The anger, the outrage, the fear that is burning across this country feels like the explosion of something that’s been building for almost four years. I fear for my country. The anger is so big, so righteous, so hopeless, the wrongs so deep, so tightly woven into the fabric of this society, that I don’t see the way forward.

But I heard something in Andrew Cuomo’s voice Sunday that helped me.

I heard frustration.

I don’t know the governor personally, but I’ve gotten a good picture of him, both from inside the state as an employee and from the outside as a journalist. He’s not a guy who takes kindly to not getting his way. And he’s savvy enough to usually win.


But when I tuned in to hear the tail end of his daily address Sunday, I heard him talking about the protests. And he said what’s needed is for protesters to be specific about the reforms they want. And then be insistent.

He suggested what those reforms could be. And that’s when I heard the frustration, when he said he’s been trying to get them done, but he couldn’t get them passed.

Call your legislators, he urged. Tell them what you want, and tell them if they won’t do it, you’ll vote them out. Keep telling them. Over and over. And then vote.

New York’s governor is no saint. He’s maybe not even someone I would like if I met him.
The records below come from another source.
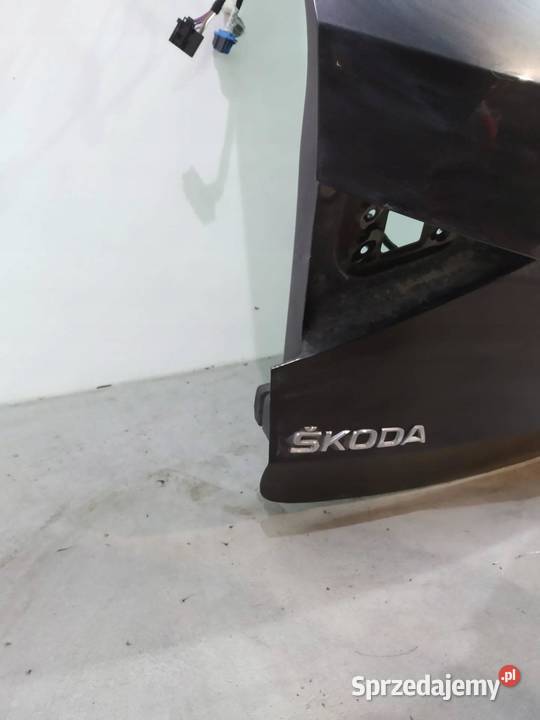 KLAPA TYŁ SZYBA KOMBI Skoda Superb III 2015 Motoryzacja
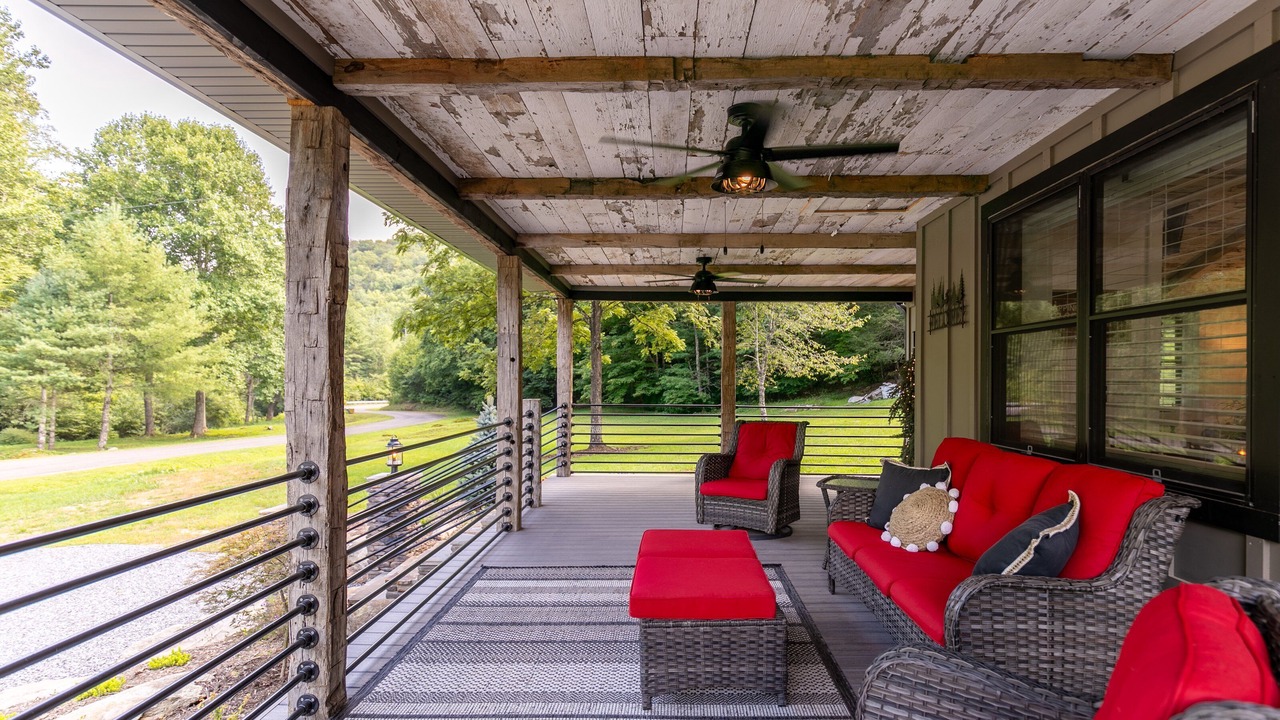 Photo of Patio Balcony in Linville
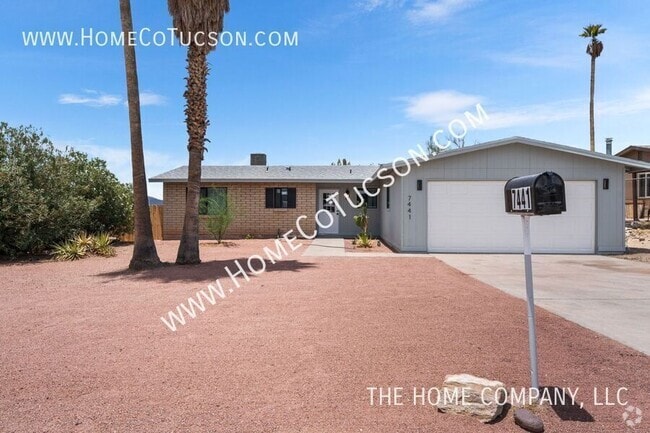 Building Photo - 7441 N Gilbert Pl Rental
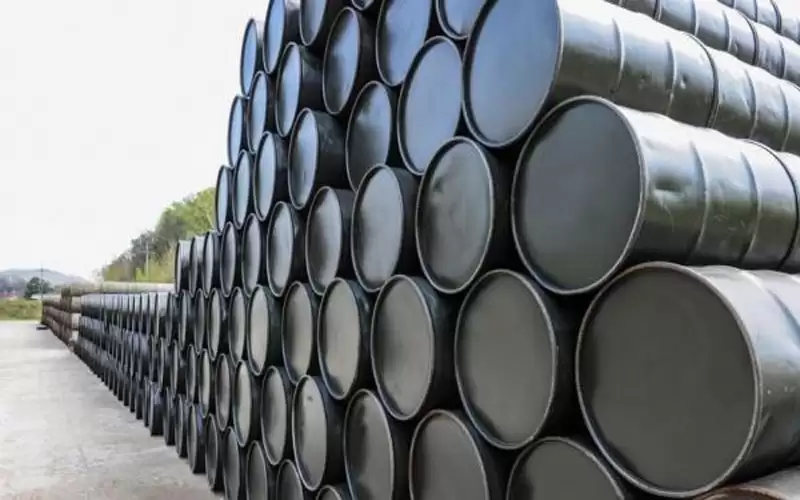 العراق: تصدير 300 ألف برميل نفط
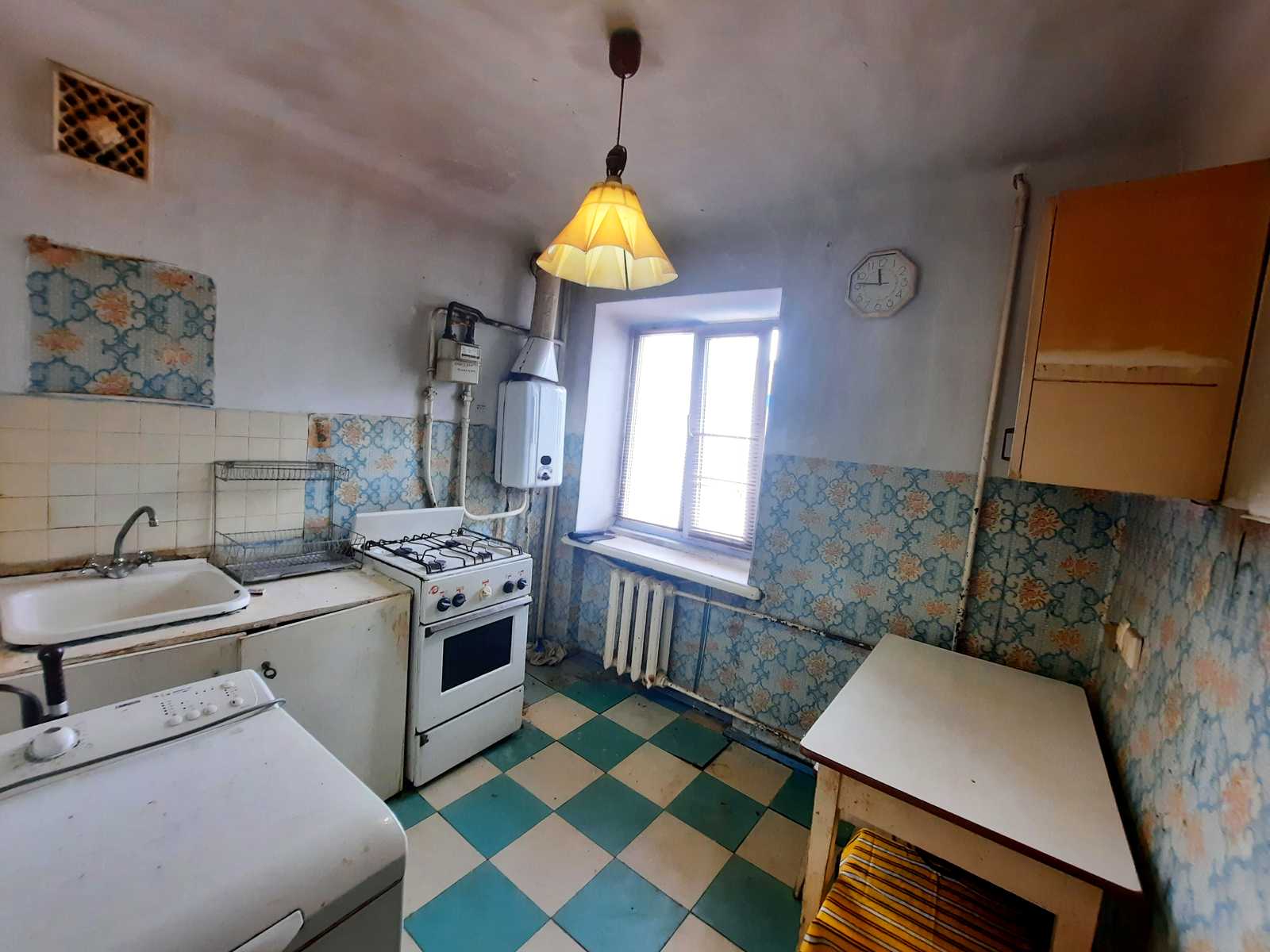 1879478055303674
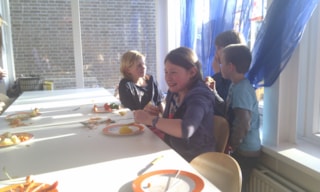 De kinderen van bso Waldervaart zijn creatief met groente en fruit! Foto SKRS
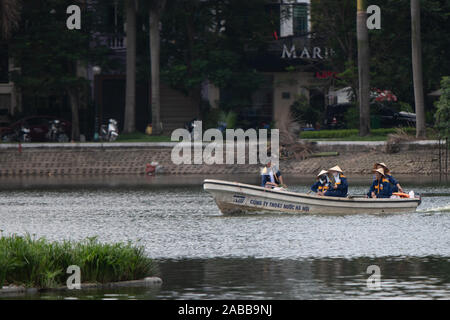 Hanoi, Vietnam - 11. Oktober 2019: Asiatische Männer gehen auf ein Boot auf Thuy Khue Lake in Hanoi, Vietnam, Asien Stockfoto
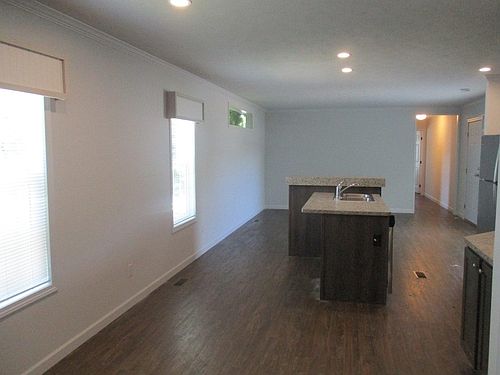 3rd image of 1303 Wildflower St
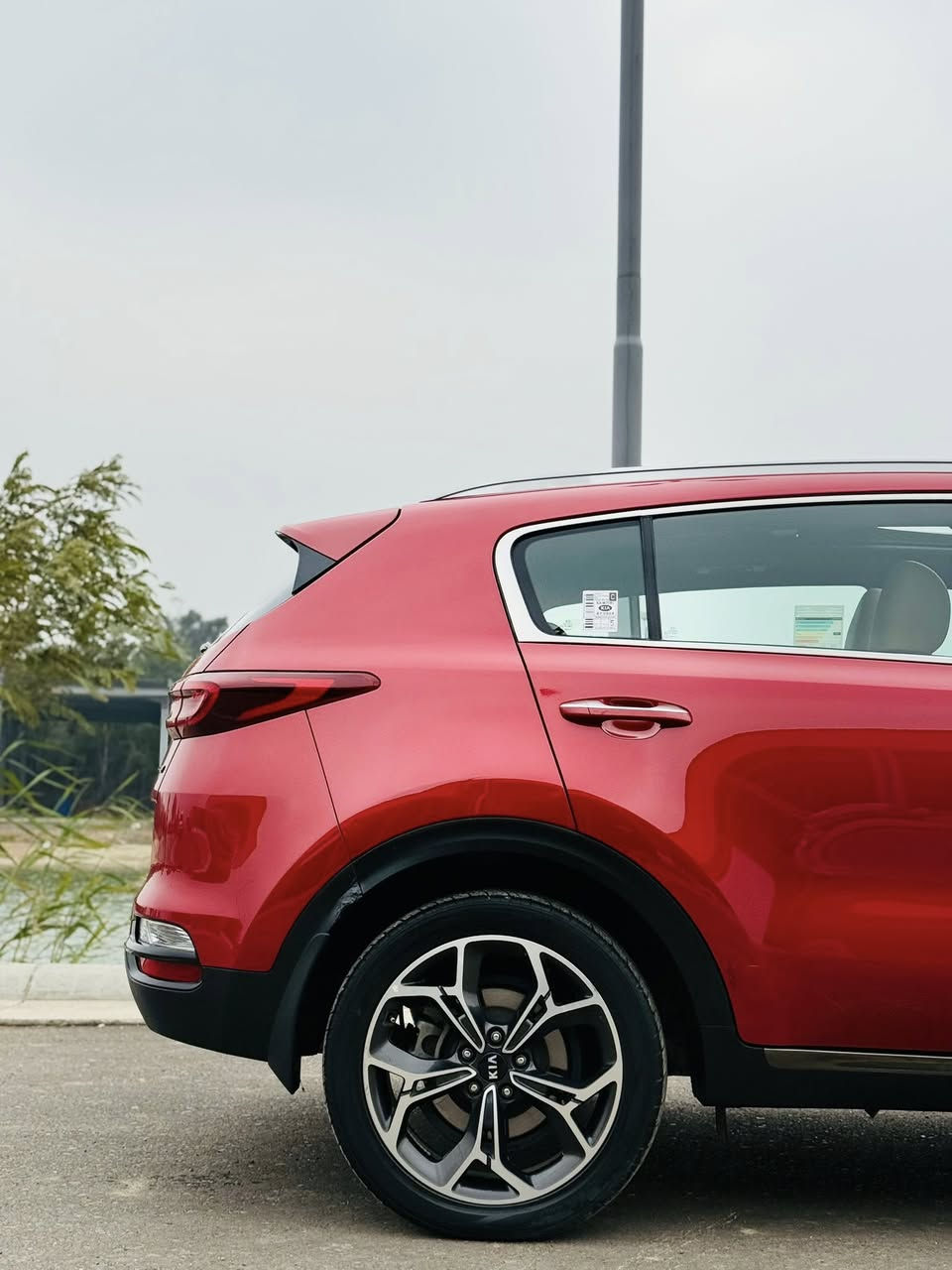 السلام عليكم
كيا سبورتج خليجي جيتي لاين موديل 2020
 الشركة الدولية ع ايد وحدة من الزيرو
ماشية72 حقيقي
فول مواصفات ١/١ معروفة 
محرك ٢٠٠٠ دوش 
رقم بغداد تحويل ثاني يوم
مكفولة عام من الصبغ والتبديل 
بانوراما.
بصمة دخول وتشغيل.
سايد بريك بصمة.
مانع منحدرات.
شاشة كبيرة.
اريل نفكيشن.
شاحن واير ليس .
تشغيل عن بعد
شفتات سرعة.
اوتو هولد.
جنطة كهرباء.
كشنات جلد بلادي و كهرباء.
.داخل لونين حمصي واسود.
حساس امامي وخلفي.
خمسه ويل كب .
قطعتين تبريد بيانو.
كامرة خلفيه.
تحكم ستيرن.
شاشه قرائه الاعطال
 .3 انضمة قيادة  
سيارة جاهزة من كل النواحي صدر تايرات
السعر 198 بيه مجال بسيط جدا
الاستفسار ***********
العنوان بغداد
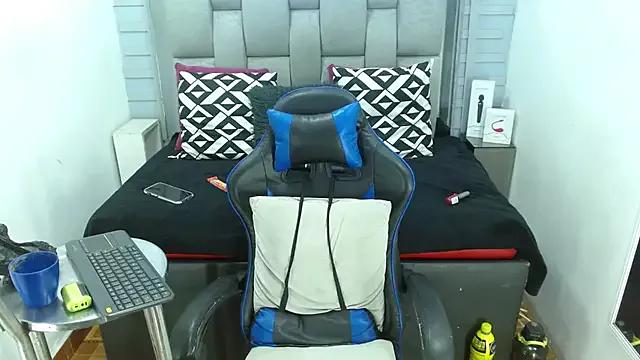 evelin_zaens from StripChat
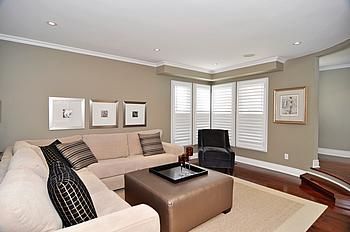 46 Juniper Cres, Markham, L3R3Z7 | Image 3
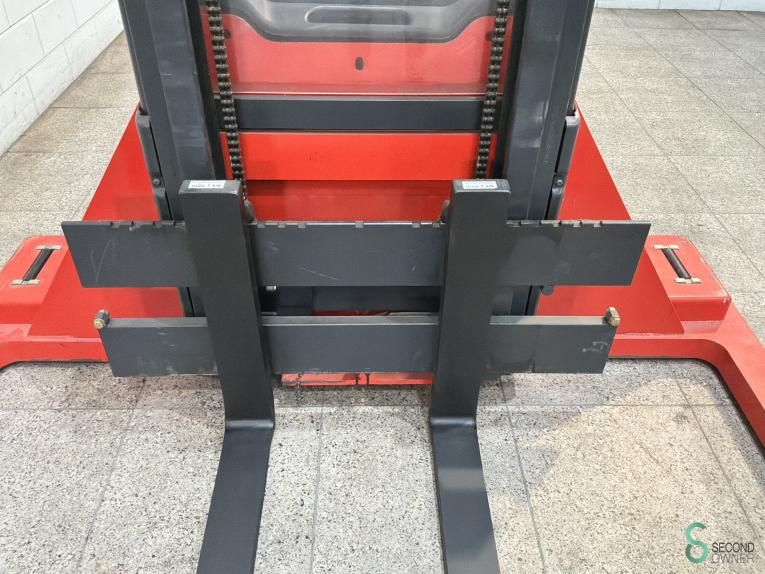 Stackers Electric Linde L14AS-AP (131) 2009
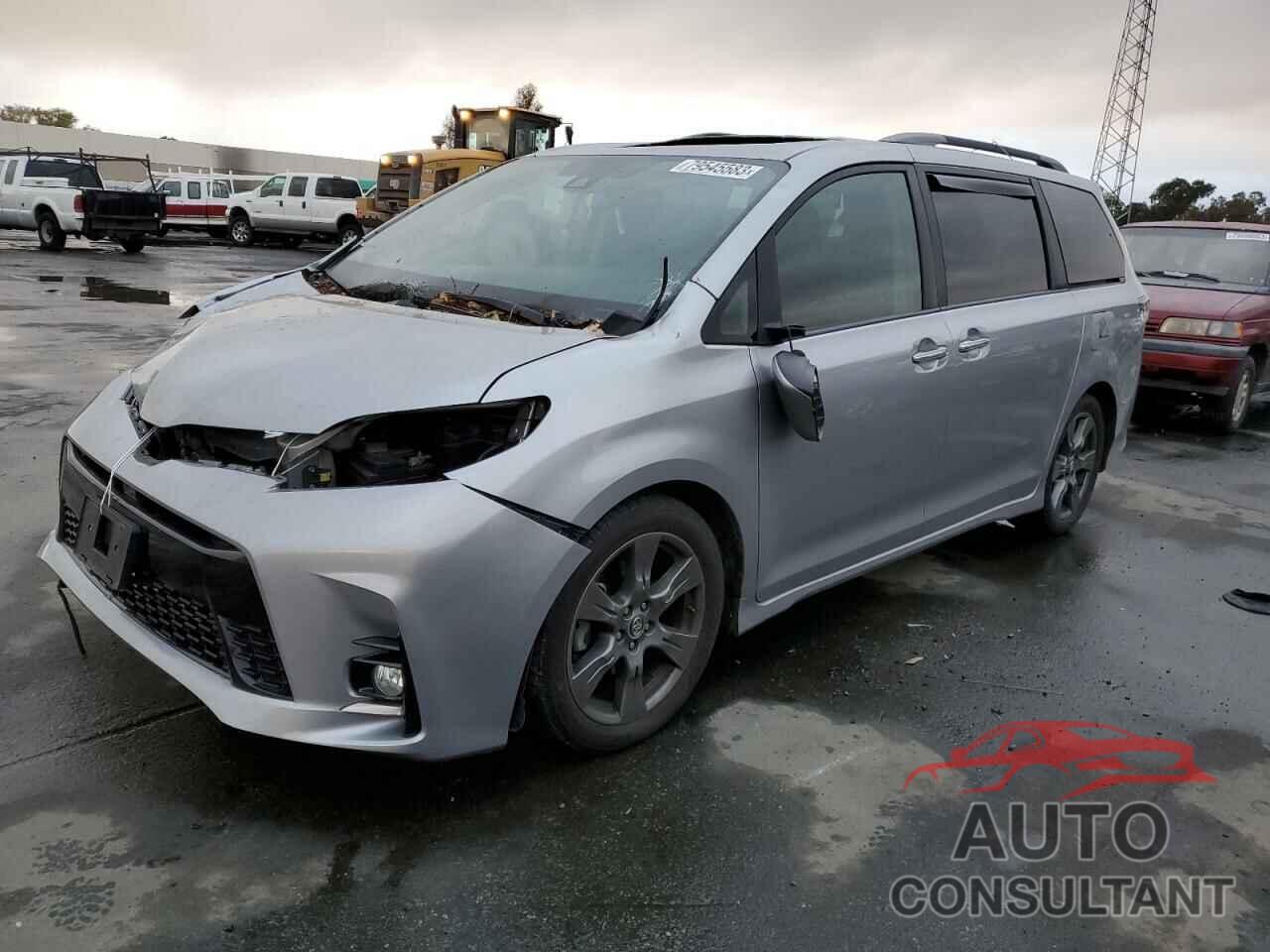 TOYOTA SIENNA 2018 - 5TDXZ3DC5JS914849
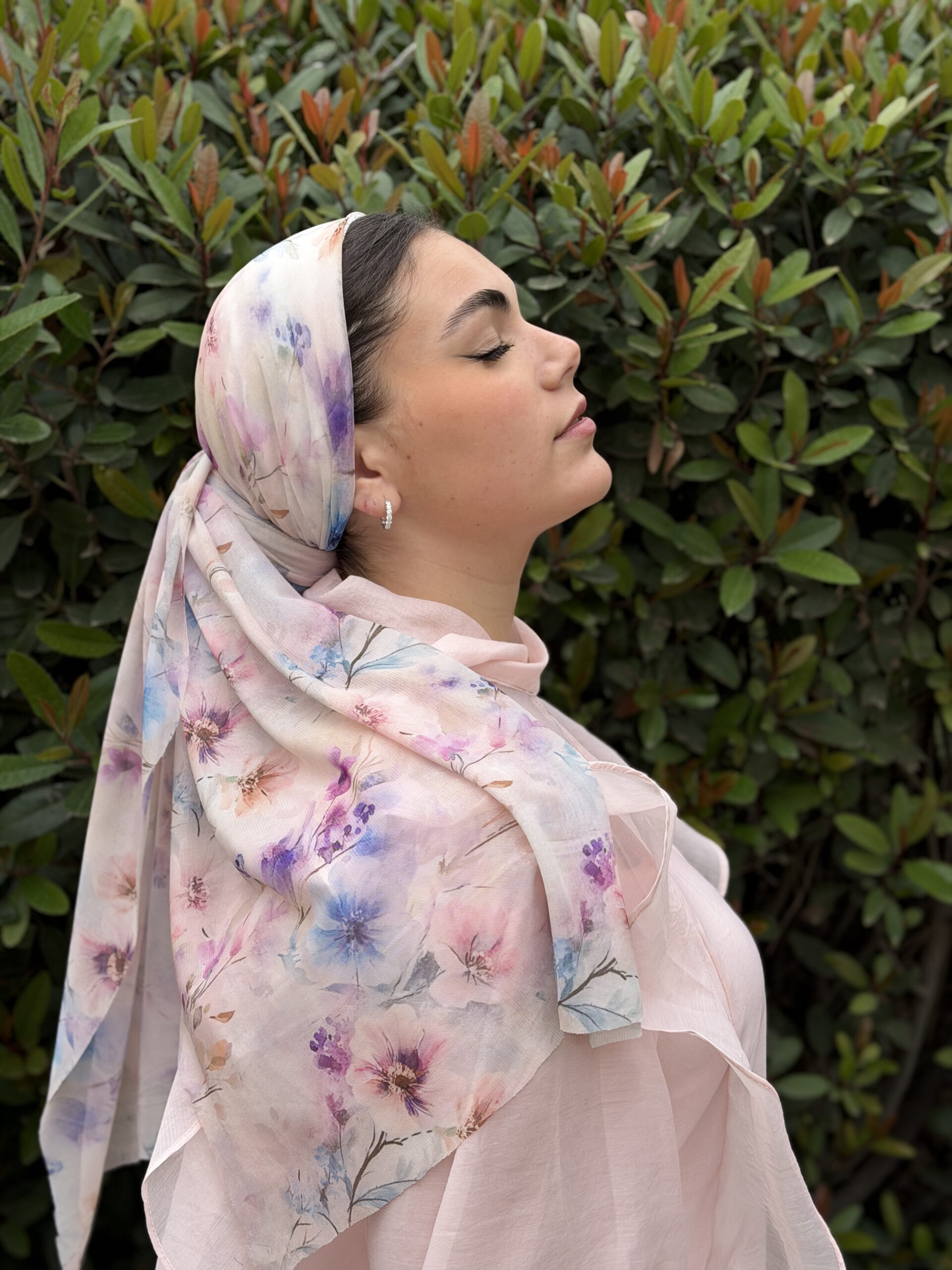 מטפחת לונג פרחונית שיפון לייקרה ורודה סגולה וכחולה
But on Sunday, for a few minutes, I heard a guy who knows what’s right, has the power to make it happen, but hasn’t been able to do it. And he was angry. Somehow, that gave me hope.

Maybe it was just political expediency. Or maybe it was an honest moment.

All I know is that he was saying the right thing at the right moment. And in some cities, the cops are marching with the protesters, protecting them from the white supremacists trying to seize the moment for their own ends. Some governors aren’t treating the protesters like a threat. They’re protecting their citizens. They’re trying to motivate them to vote, to demand change. And Joe Biden went to a protest site today to talk to people, urging them to channel their anguish into purpose.

The occupant of the White House was hiding in a bunker, tweeting.

I’m frustrated, too. If there’s a single legislator in the country who thinks the anger of this moment will blow over, they’re sadly misjudging the situation. Frustration can be a powerful motivator.

November is coming. America’s ideals aren’t dead yet.